PROVIDED DATA:

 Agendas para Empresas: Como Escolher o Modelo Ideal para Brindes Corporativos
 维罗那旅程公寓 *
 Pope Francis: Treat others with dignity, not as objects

---

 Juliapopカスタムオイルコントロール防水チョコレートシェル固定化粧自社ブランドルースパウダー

YOUR TASK: Using the data above, reproduce exactly the lines between those holding "Agendas para Empresas: Como" and "Pope Francis: Treat", inclusive, and no others.

TASK ANSWER:
 Agendas para Empresas: Como Escolher o Modelo Ideal para Brindes Corporativos
 维罗那旅程公寓 *
 Pope Francis: Treat others with dignity, not as objects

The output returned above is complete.